▶ MATERIAL PROVIDED:
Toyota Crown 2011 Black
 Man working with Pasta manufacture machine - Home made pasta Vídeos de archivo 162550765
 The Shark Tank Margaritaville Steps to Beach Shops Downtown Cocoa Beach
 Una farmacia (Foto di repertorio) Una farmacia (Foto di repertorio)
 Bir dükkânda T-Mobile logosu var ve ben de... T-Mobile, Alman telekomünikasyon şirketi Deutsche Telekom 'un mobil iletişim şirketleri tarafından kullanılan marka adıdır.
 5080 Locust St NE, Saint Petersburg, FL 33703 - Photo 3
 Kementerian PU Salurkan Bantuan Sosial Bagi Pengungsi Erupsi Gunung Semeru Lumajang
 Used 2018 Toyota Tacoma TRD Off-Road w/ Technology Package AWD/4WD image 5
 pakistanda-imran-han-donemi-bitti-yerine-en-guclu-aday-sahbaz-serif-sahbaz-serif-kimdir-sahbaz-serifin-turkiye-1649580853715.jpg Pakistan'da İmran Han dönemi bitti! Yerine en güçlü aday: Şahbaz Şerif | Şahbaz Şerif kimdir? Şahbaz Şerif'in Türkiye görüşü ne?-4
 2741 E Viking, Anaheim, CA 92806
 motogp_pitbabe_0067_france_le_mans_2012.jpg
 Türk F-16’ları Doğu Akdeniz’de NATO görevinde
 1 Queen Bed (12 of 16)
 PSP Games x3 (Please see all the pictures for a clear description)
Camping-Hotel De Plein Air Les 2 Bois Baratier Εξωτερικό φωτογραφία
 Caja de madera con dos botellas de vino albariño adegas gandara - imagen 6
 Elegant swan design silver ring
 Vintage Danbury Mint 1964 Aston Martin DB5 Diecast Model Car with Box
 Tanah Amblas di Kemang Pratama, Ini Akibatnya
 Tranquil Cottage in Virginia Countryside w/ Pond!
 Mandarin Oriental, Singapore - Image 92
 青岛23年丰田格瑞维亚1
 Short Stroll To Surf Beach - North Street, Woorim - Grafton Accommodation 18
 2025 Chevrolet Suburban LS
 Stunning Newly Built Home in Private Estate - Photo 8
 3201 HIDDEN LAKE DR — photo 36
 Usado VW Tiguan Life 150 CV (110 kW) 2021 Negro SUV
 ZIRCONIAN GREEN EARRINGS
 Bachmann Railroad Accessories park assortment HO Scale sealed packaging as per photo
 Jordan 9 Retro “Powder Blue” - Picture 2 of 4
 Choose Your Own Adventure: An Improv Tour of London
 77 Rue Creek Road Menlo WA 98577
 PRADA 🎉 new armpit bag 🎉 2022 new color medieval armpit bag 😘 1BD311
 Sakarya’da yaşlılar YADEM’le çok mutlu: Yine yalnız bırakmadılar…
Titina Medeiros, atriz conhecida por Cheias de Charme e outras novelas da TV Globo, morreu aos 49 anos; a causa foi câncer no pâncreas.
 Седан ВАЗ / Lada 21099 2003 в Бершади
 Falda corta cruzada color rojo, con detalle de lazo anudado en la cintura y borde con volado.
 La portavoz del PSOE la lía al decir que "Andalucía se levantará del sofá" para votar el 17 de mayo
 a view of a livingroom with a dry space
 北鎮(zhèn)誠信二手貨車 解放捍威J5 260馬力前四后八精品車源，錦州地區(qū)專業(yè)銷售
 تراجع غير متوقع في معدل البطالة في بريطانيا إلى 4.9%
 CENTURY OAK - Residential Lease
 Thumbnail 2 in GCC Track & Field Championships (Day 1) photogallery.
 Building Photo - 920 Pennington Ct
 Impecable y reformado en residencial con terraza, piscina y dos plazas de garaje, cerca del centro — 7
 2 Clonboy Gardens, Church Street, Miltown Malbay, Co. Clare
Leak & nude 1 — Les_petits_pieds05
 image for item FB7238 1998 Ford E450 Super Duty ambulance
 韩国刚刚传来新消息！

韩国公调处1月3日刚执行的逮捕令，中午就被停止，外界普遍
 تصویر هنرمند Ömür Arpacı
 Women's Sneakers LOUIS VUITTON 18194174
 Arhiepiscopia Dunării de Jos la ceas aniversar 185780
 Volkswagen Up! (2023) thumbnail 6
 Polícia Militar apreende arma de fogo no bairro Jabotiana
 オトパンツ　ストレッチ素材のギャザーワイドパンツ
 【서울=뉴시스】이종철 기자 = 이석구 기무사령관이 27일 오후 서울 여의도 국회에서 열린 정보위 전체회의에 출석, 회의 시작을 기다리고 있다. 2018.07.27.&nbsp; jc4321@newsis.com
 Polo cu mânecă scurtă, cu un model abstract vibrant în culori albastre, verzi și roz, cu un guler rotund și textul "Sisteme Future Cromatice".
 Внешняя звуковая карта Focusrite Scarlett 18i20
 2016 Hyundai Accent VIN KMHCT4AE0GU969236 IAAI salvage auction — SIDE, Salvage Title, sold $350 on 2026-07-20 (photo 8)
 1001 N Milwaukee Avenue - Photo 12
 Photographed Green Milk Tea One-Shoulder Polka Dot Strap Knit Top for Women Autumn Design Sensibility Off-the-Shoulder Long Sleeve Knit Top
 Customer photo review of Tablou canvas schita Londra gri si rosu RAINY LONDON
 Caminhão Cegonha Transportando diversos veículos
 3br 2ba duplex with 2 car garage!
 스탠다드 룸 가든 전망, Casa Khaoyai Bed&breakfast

▶ BRIEF:
For this exercise, repeat exactly the lines of the data above from the one with "Choose Your Own" down to the one with "2 Clonboy Gardens, Church", both end lines included.

▶ OUTPUT BELOW:
 Choose Your Own Adventure: An Improv Tour of London
 77 Rue Creek Road Menlo WA 98577
 PRADA 🎉 new armpit bag 🎉 2022 new color medieval armpit bag 😘 1BD311
 Sakarya’da yaşlılar YADEM’le çok mutlu: Yine yalnız bırakmadılar…
Titina Medeiros, atriz conhecida por Cheias de Charme e outras novelas da TV Globo, morreu aos 49 anos; a causa foi câncer no pâncreas.
 Седан ВАЗ / Lada 21099 2003 в Бершади
 Falda corta cruzada color rojo, con detalle de lazo anudado en la cintura y borde con volado.
 La portavoz del PSOE la lía al decir que "Andalucía se levantará del sofá" para votar el 17 de mayo
 a view of a livingroom with a dry space
 北鎮(zhèn)誠信二手貨車 解放捍威J5 260馬力前四后八精品車源，錦州地區(qū)專業(yè)銷售
 تراجع غير متوقع في معدل البطالة في بريطانيا إلى 4.9%
 CENTURY OAK - Residential Lease
 Thumbnail 2 in GCC Track & Field Championships (Day 1) photogallery.
 Building Photo - 920 Pennington Ct
 Impecable y reformado en residencial con terraza, piscina y dos plazas de garaje, cerca del centro — 7
 2 Clonboy Gardens, Church Street, Miltown Malbay, Co. Clare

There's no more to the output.